The Gullah Geechee’s draft ordinance rectifies issues with the law that long governed development on the island before the 2023 ordinance revision — problems that contributed to the push for that controversial change. Under the previous zoning, owners were limited to 1,400 square feet of heated and cooled space but could build porches and other attached areas under the same roof.
In several instances, once a building inspector approved the home, owners would then enclose those spaces to create a larger house. The 2023 revision addressed that by redefining the square footage limits as “under roof” in place of heated and cooled space. But it also bumped the limit to 3,000 square feet, drawing outcry and eventually repeal.

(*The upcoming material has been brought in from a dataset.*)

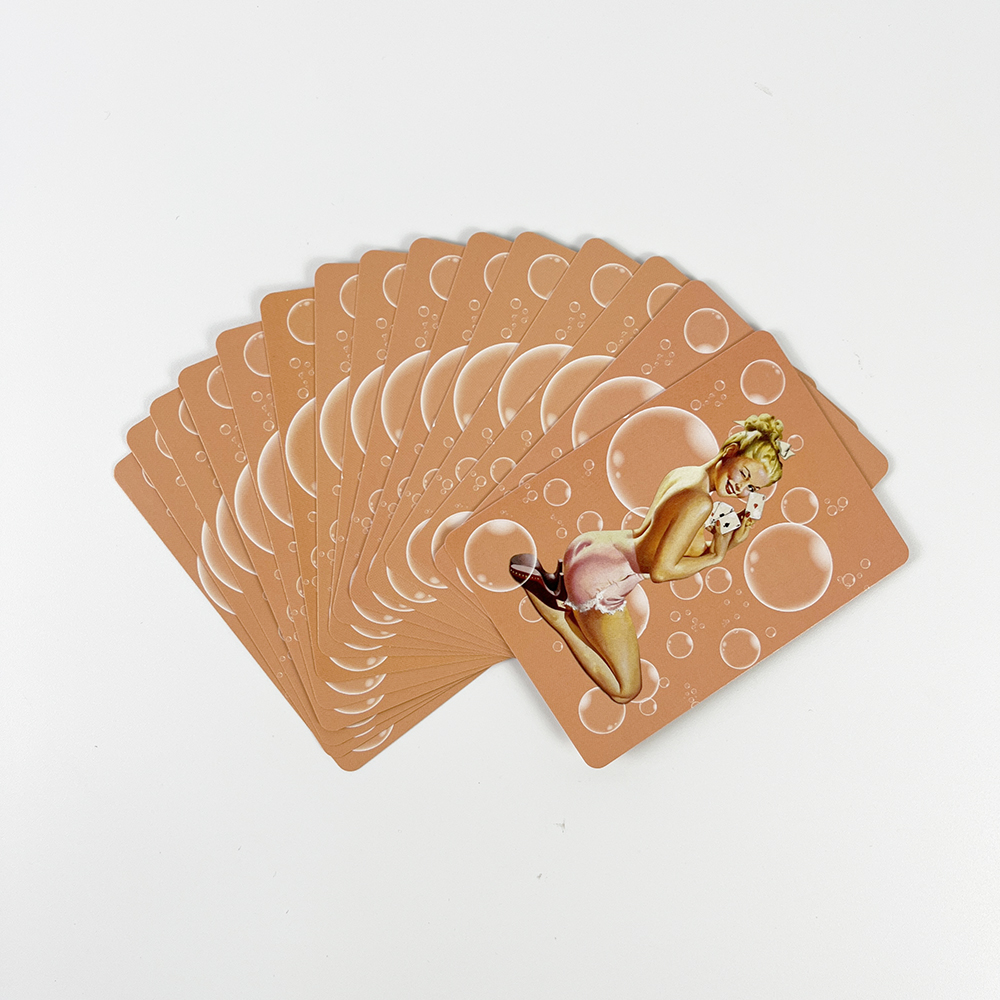 Vintage Retro Collection Playi - Vintage Collectible Playing Cards recensione e prezzo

The Gullah Geechee’s proposed ordinance features language limiting development to within a 1,400-square-foot footprint and enacting a height maximum, meant to close that loophole.
The draft also introduces other development-related restrictions, such as barring the issuance of building permits until hard liquor sales licenses on Sapelo are terminated. A bar and grill operated by an island resident who is not Gullah Geechee was granted an alcohol license in 2024 over residents’ objections. The restaurant is housed in a building originally constructed as a community center.
Credit: Georgia Trust
Credit: Georgia Trust
Other features of the proposal that could draw pushback are a requirement that building permits not be issued unless the applicant can prove clear title as well as a ban on demolition of structures without approval by a majority of residents.
Land ownership has long been an issue on Sapelo — title is the subject of several legal challenges, including at least one still in active litigation — while a demolition restriction would give the Gullah Geechee a say in who could buy an existing property, knock it down and build a new one.